**** Supplied information

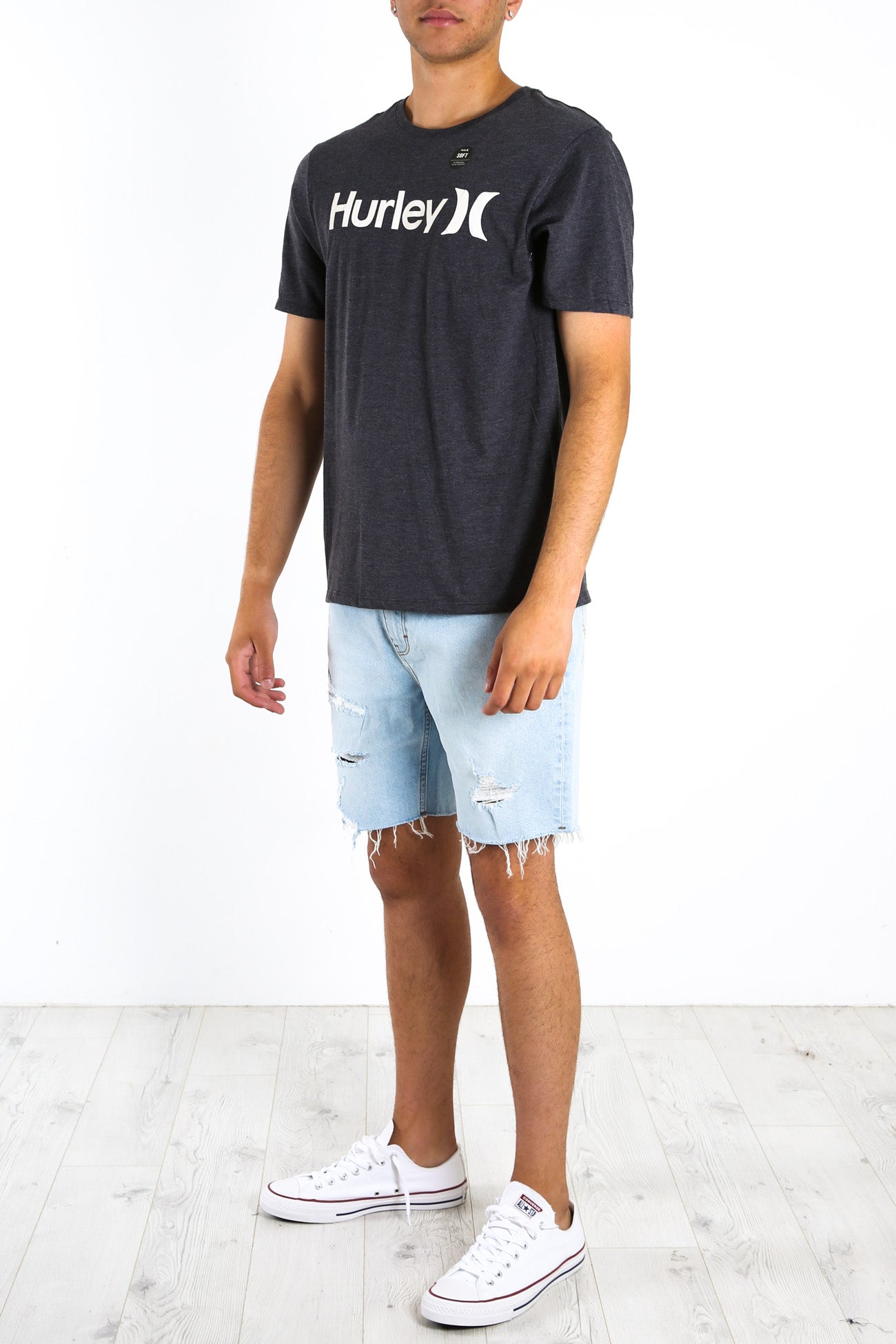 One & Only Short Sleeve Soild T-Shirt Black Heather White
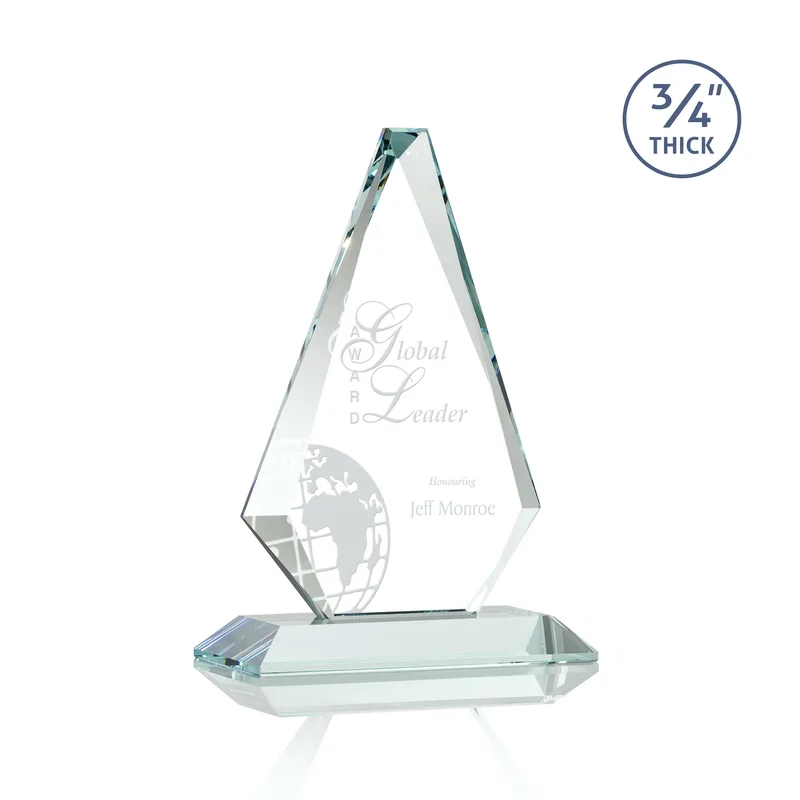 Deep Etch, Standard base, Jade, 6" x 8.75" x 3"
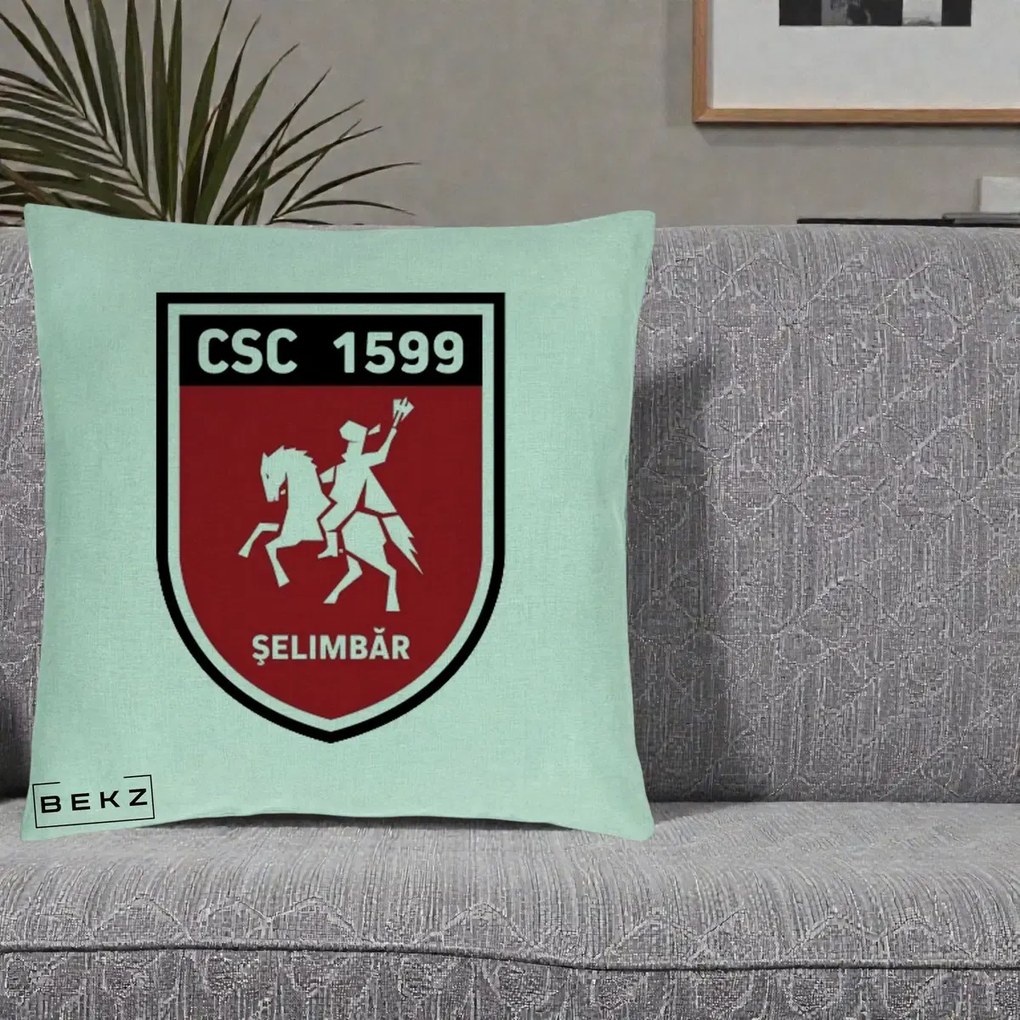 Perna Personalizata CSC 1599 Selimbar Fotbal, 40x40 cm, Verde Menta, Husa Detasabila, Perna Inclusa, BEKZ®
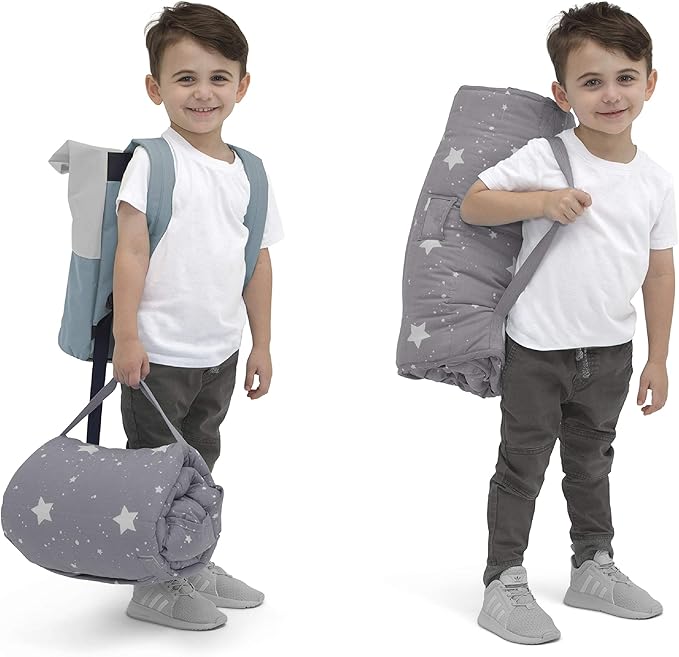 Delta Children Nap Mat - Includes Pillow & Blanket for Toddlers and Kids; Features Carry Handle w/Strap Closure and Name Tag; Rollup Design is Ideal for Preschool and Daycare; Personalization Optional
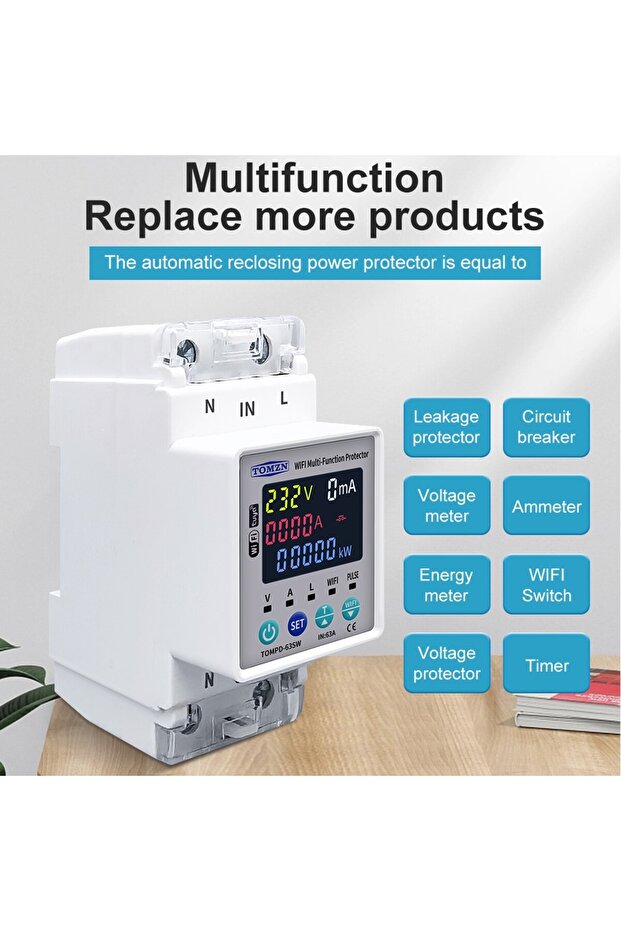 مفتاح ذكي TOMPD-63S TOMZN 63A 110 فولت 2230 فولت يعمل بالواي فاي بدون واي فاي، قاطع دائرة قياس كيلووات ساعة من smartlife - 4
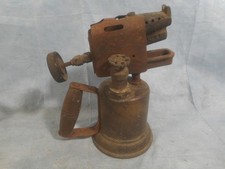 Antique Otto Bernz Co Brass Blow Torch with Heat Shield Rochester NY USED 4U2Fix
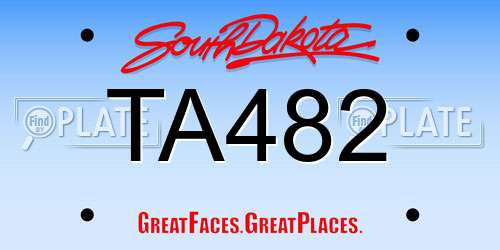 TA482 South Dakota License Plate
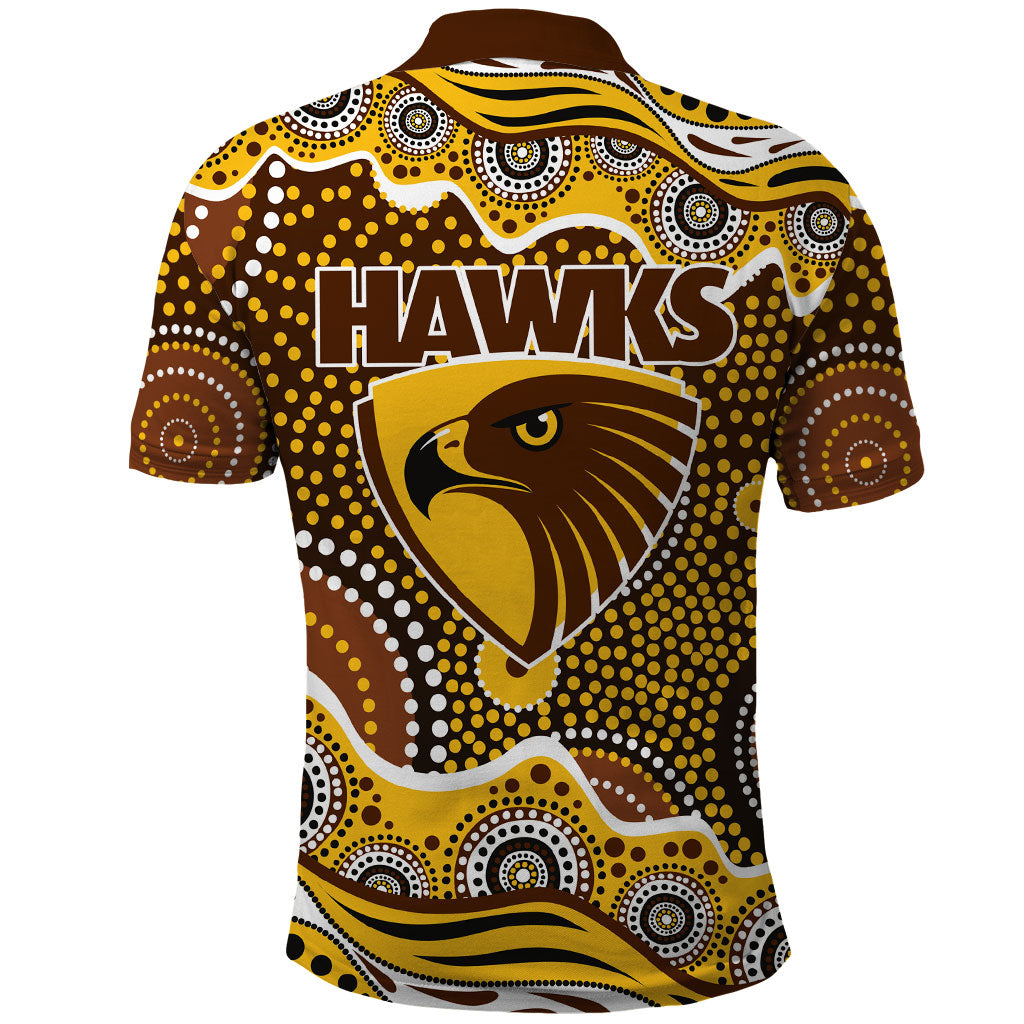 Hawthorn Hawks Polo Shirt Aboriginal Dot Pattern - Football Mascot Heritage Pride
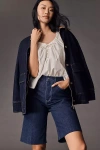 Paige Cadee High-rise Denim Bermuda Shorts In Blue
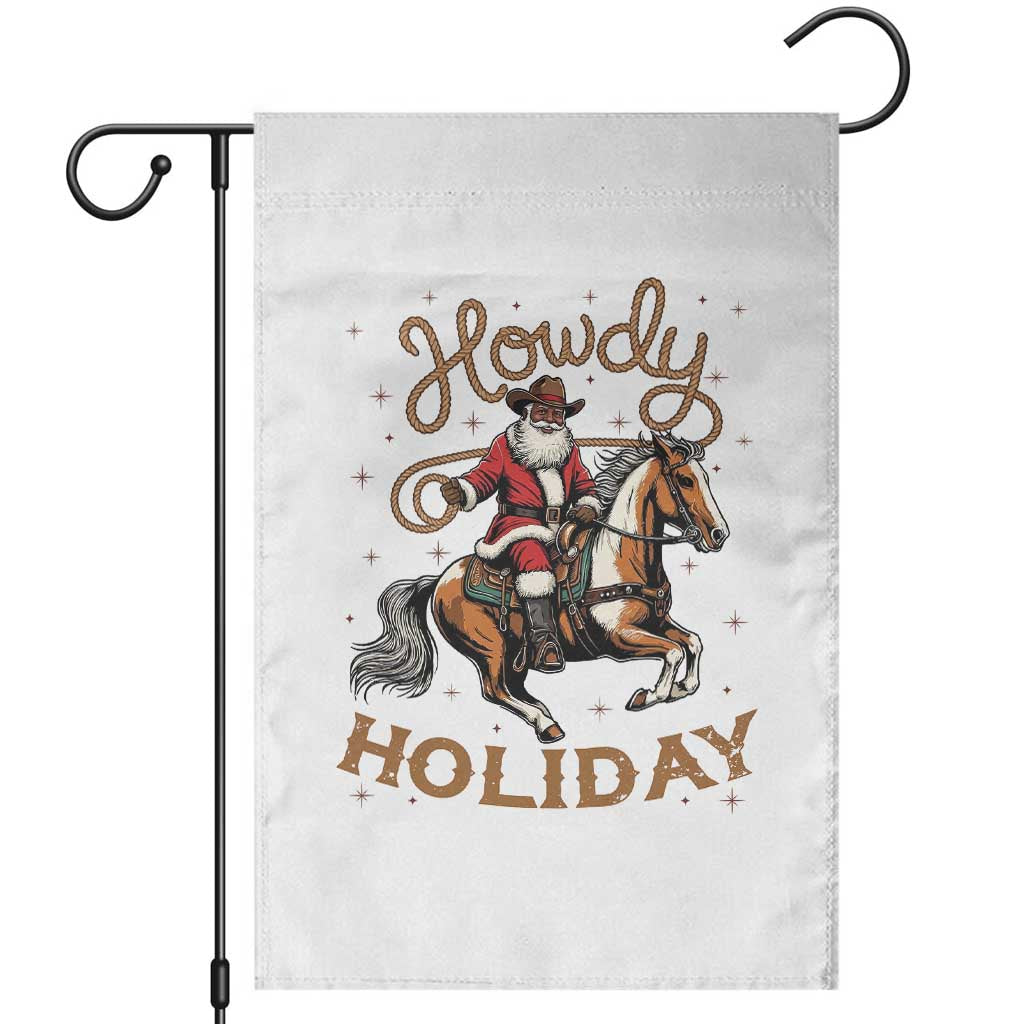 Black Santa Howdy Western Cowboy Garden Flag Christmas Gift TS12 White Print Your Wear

********

> Try it:
Beginning at the line that contains "مفتاح ذكي TOMPD-63S", give the remaining lines of the records again exactly, through the last one. Leave out pictures.

> Result of this task:
 مفتاح ذكي TOMPD-63S TOMZN 63A 110 فولت 2230 فولت يعمل بالواي فاي بدون واي فاي، قاطع دائرة قياس كيلووات ساعة من smartlife - 4
 Antique Otto Bernz Co Brass Blow Torch with Heat Shield Rochester NY USED 4U2Fix
 TA482 South Dakota License Plate
 Hawthorn Hawks Polo Shirt Aboriginal Dot Pattern - Football Mascot Heritage Pride
 Paige Cadee High-rise Denim Bermuda Shorts In Blue
 Black Santa Howdy Western Cowboy Garden Flag Christmas Gift TS12 White Print Your Wear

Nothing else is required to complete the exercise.